この活動は、倉敷市の「アダプト・プログラム」という制度を利用しています。アダプト・プログラムとは、公共の場所を清掃するボランティア団体に対して、ごみ袋や軍手などを行政が支援するという制度です。
参加者は、愛犬・愛猫家だけではなく、ペットを飼ってみたい親子、SUNCACAOの常連客、環境保護に関心がある人など。ゆるやかな雰囲気で、初参加の人にも声を掛け合いながら和気あいあいと活動しています。
気候の良い時期は、活動の場を海岸へ移し、清掃活動を実施。海岸には食品のパッケージやレジ袋、ペットボトルといった生活ごみだけではなく、古タイヤやオーブントースターといった不燃ごみも不法投棄されていたそう。砂の中からは、大きなシャチの浮き輪まで出てきました。
「いつも楽しい雰囲気で活動しています。参加した子どもたちも『これは燃えるゴミ』、『これは燃えないゴミ』と考えながら一生懸命に拾ってくれました。毎回飼い主と参加してくれる看板犬のジャックくんはみんなの人気者です。大きな浮き輪を飼い主さんたちが掘り出すのを横から応援していて微笑ましかったです」と、むすびのスタッフ・小崎由美子さんは話します。
“ごみを減らしたい”という考えに共鳴
活動のきっかけは、ごみを拾って食べてしまうダックスフンドの飼い主の悩みから。「てんかん持ちだったので、ごみを誤って食べてしまうと命取り。安心して散歩ができない」という悩みを聞いた小崎さんが、有志に呼び掛けて、公園のごみ拾いを始めました。
「ペット相談の町〜むすび〜」は、代表の中塚真美子さんと小崎さんの2人を中心に活動しています。犬や猫の保護活動ボランティアを通じて、捨てられるペットが減らない実態を目の当たりにした2人は、保護犬・猫を減らすためには、飼い主へのサポートが不可欠という考えに至りました。
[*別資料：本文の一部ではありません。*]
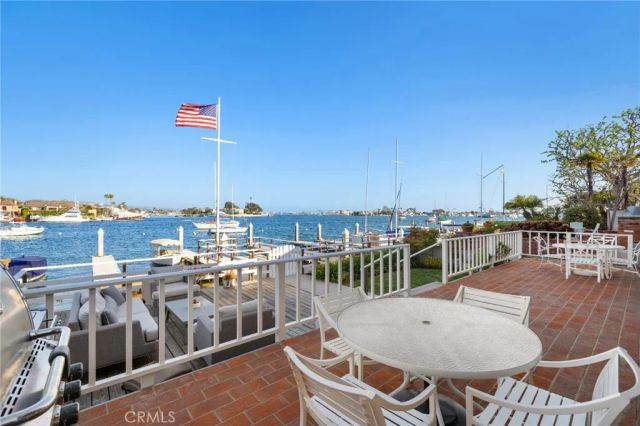 2732 Bayshore Drive, Newport Beach, CA 92663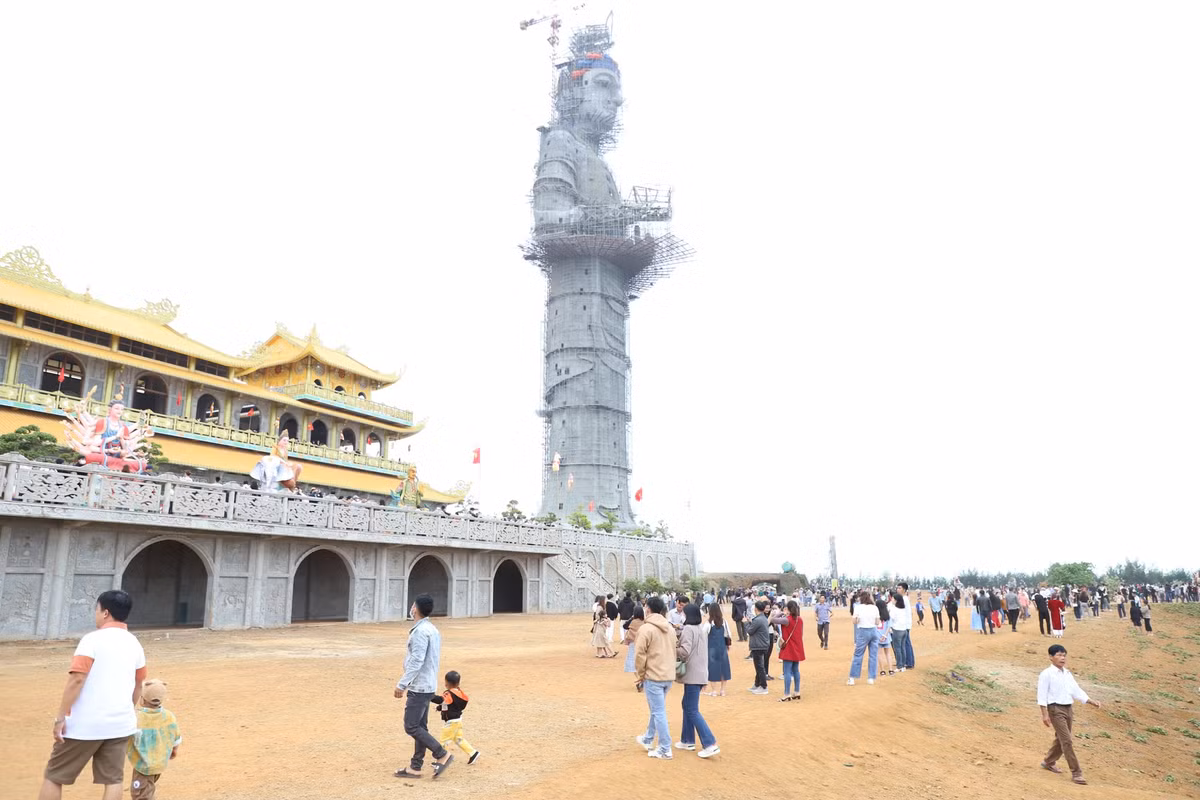 Được khởi công xây dựng nhiều năm qua và đang trong quá trình hoàn thiện, chùa Minh Đức trở thành điểm đến tham quan của đông đảo bà con thời gian qua, nhất là dịp lễ Tết. Điểm nhấn của chùa là pho tượng Phật Quan Âm cao 125 m, được xem là tượng Phật cao nhất nước đến thời điểm này.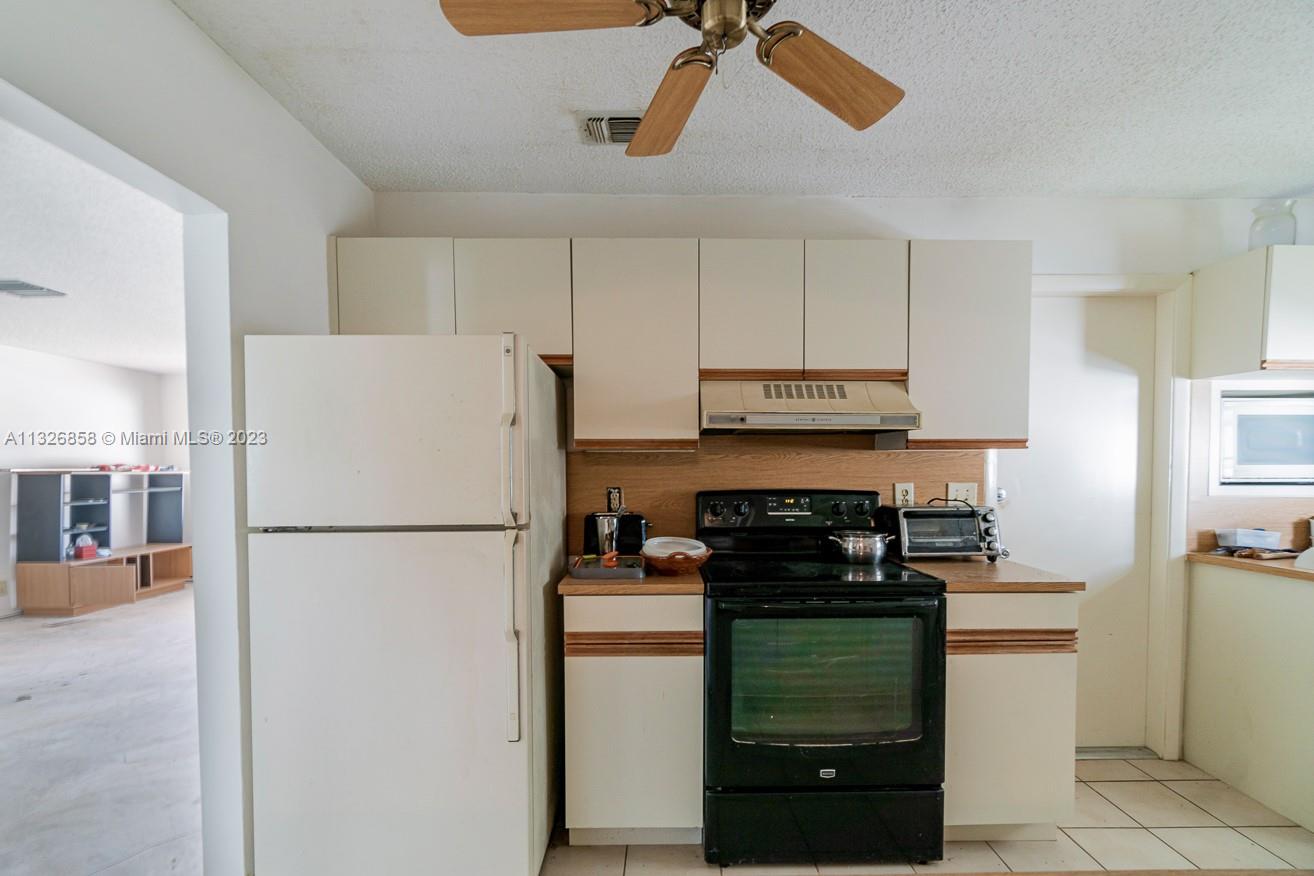 PALM BEACH LEISUREVILLE S - Residential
気軽に悩みを相談できる飼い主同士の居場所作りや情報提供のための新聞発行、お茶会などを実施。ごみ拾いプロジェクトもその一環で、飼い主同士がつながりを持てる場になればという思いも込められています。
この思いに共鳴したのが、ごみをなるべく出さない“ゼロウェイスト”を目標に掲げるSUNCACAOでした。
SUNCACAOは、京都の有名チョコレートメーカーで修行した加藤泰さんと純代さん夫妻が始めたチョコレートブランドです。水島IC近くにある工房兼店舗でカカオ豆を焙煎し、チョコレート加工までを自分たちで一貫して行っています。余計なものは入れずに、主にガーナ産カカオ豆ときび砂糖のみで作るチョコレートは、素朴で優しい味わいと人気です。
2021年2月、加藤さん夫妻は、それまでのイベント出店から店舗を構えるタイミングで「SUNNY PANTRY(サニーパントリー)」という量り売りの店もオープンしました。
「一人一人が商品を買うと、パッケージなどたくさんのごみが出てしまいます。私たちが一括して仕入れたものをみんなで分ければ、ごみの量は減るし、価格も割安になります。子どもさんもおこづかいの予算に合わせて、楽しみながら量って買ってくれますよ」と純代さんは話します。
ごみ拾い後の楽しい企画 フードシェアも
「ごみ拾いプロジェクト」には、活動後の楽しみもあります。倉敷市社会福祉協議会に寄せられた、余ってしまった食料品や日用品、ペット用品を分け合う「くらしき互近助(ごきんじょ)パントリー」と、SUNCACAOの製造過程で出た食品ロスを分け合うという企画です。
「ごみ拾いの日はみなさんに容器を持参してもらいます。割れてしまったり不揃いなクッキーや試作品などの食品ロスを参加者の方においしく食べていただくためです」と純代さん。
「ペットを飼ってる飼っていないに関わらず、ごみ拾いプロジェクトを通じて、活動の輪が広がり、動物や環境保護を大切に考えるコミュニティができていることが嬉しいですね。互近助パントリーは、困っている方にもぜひ利用していただきたいです」と小崎さんは話します。
ごみ拾いプロジェクトから始まった小さなコミュニティ。人も動物も安心して暮らせる街づくりに大きく貢献しているようです。